Prepare the base: blitz together the oats, almonds and salt to a fine flour texture. Pour into a bowl and stir in the cashew butter and maple syrup. Stir to a sticky mix.
Line the base of an 8-inch round tin (ideally with a loose-bottom) and grease the sides. Pour the base mix into the tin and press down firmly to make an even base. Place in the fridge.
Make the cheesecake filling: rinse and drain the cashews and add to a blender with the cream cheese, oat evaporated milk, oat condensed milk, maple syrup, coconut oil, lemon juice and vanilla. Blend till really creamy and smooth. Stir in the chocolate.
Pour the cheesecake over the base and tap down a few times to release any air bubbles. Smooth over the top and chill in the fridge for 4-6 hours or overnight.
Make the crispy nests: melt together the chocolate and coconut oil. Then stir in the maple syrup till smooth. Fold in the crushed cornflakes. Using small cupcake cases, divide the mix between 10-12 mini cases, making a small indent in the middle. Chill for 20 minutes in the fridge till set.
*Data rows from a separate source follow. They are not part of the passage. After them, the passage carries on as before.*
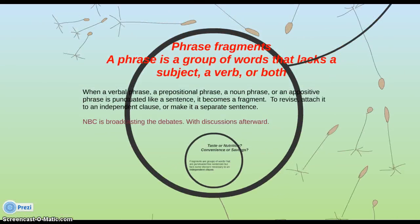Let's start by talking about phrase fragments. A phrase is a group of words that lacks a subject, a verb, or sometimes both. Phrases are things like verbals — participials, gerunds, and infinitives. They also include prepositional phrases, noun phrases, and appositive phrases. Sometimes these phrases are punctuated like a sentence. When this happens, it's really a fragment, not a sentence or an independent clause.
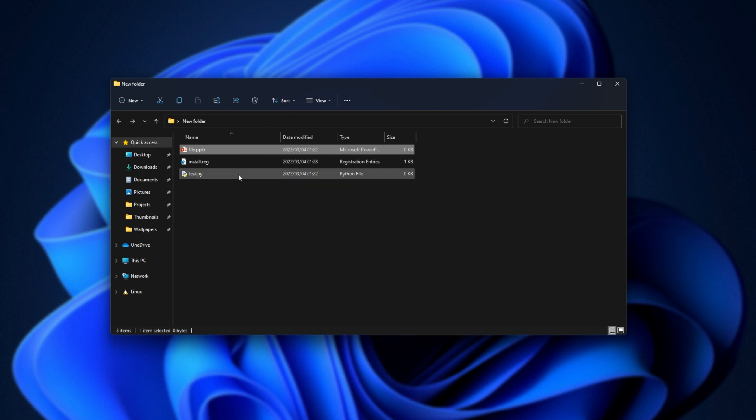A quick note for those who are trying to do this for PYC files as well, and PYW files, you can swap out python.file in the command for python.noconfile, capital N, C, F, and python.compiledfile, capital C, capital F. You'll find both of these in the description down below as well.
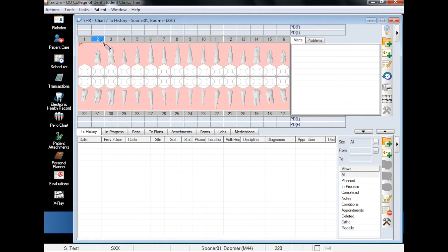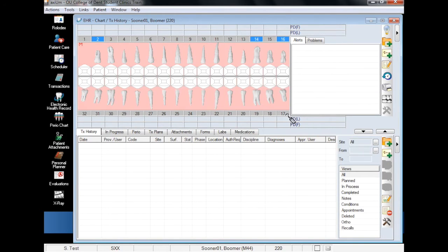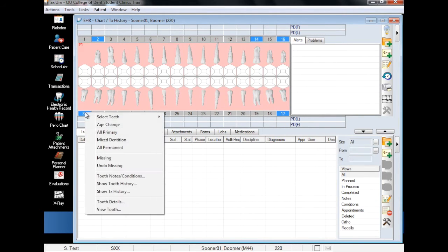If several teeth are missing, it is possible to mark multiple teeth at once by clicking on each missing tooth number and, as before, right-clicking and choosing Missing.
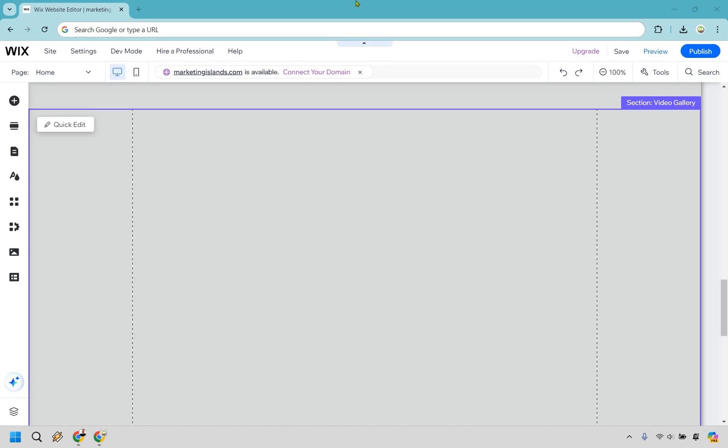So here is how to link Instagram to your Wix website. It's very easy to do and you can follow along with me right now. When you are in your website editor, make sure you have some room here so that you can actually add your feed in. I'm going to show you two ways that you can link your Instagram account.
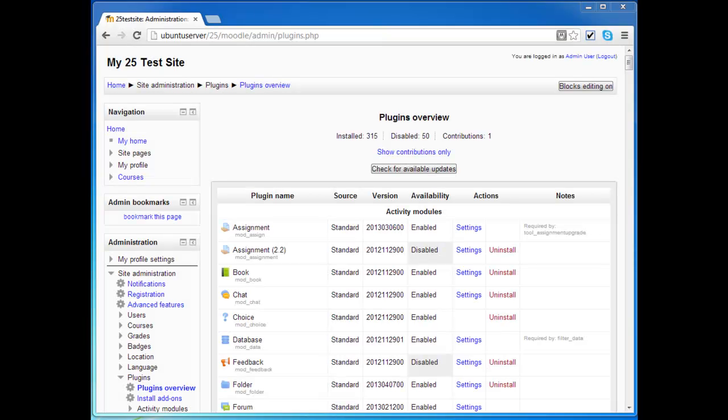Hello. This video is going to go through the process by which a site admin can install the progress bar block into the Moodle 2.5 site. This is using just the web interface and not using FTP.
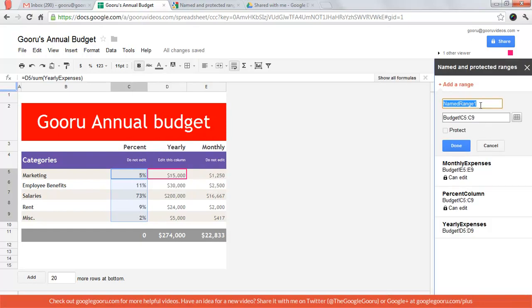There are some rules you need to follow when you're naming your range. You can only use letters, numbers, and underscores. You can't use the words true or false to begin the range and obviously you can't use any special characters.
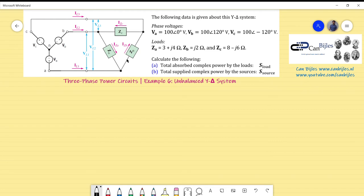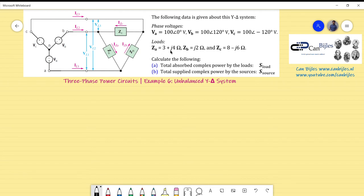We have the load connected in the delta configuration. The following data is given about this Y-delta system: the phase voltages Va, Vb, Vc all have an amplitude of 100 volts, with phase orientations of zero degrees, plus 120 degrees, and minus 120 degrees. The circuit loads are given in complex (rectangular) form as Za, Zb, and Zc. Za is an inductive load, Zb is a pure inductive load, and Zc is a capacitive load.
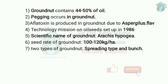So oilseeds — the main crop is groundnut. Now we are going to discuss about groundnut. Groundnut contains 44–50% of oil.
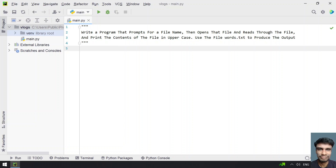Hey guys, welcome to my YouTube channel. In this video, let's try to solve a Python program.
Whip the cream for the topping till fluffy and light.
Remove the tin from the case and transfer to a serving plate. Pipe on the whipped cream around the edges in 8 or 12 places. Top each with a chocolate crispy nest. Fill the nests with cream and top with a mini egg. Decorate with extra chopped chocolate.
Slice and serve straight away, or keep covered in the fridge for 3-5 days (it will last in the freezer without the crispy nests for 1 month).
Vegan Easter Cheesecake
I look forward to hearing what you think of this Vegan Easter Cheesecake so please let me know in the comments below. If you do make this cheesecake, I’d love to see it so please tag me in your creations, I’m @nourishing.amy on Instagram and use the hashtag #nourishingamy. I’m also on Twitter, Facebook and Pinterest – please say hello!
With Easter cheesecake love x
p.s. this recipe was made with Natures Charm but this blog post is not sponsored and all opinions are my own.
Looks delicious 😋 Amy!! Thanks for sharing and I love cheesecake and chocolate 🍫 mini eggs. Splendid photography as always and saved to my WordPress saved collection
Looks delicious 😋 Amy!! Thanks for sharing and I love cheesecake and chocolate 🍫 mini eggs. Splendid photography as always and saved to my WordPress saved collection
enjoy!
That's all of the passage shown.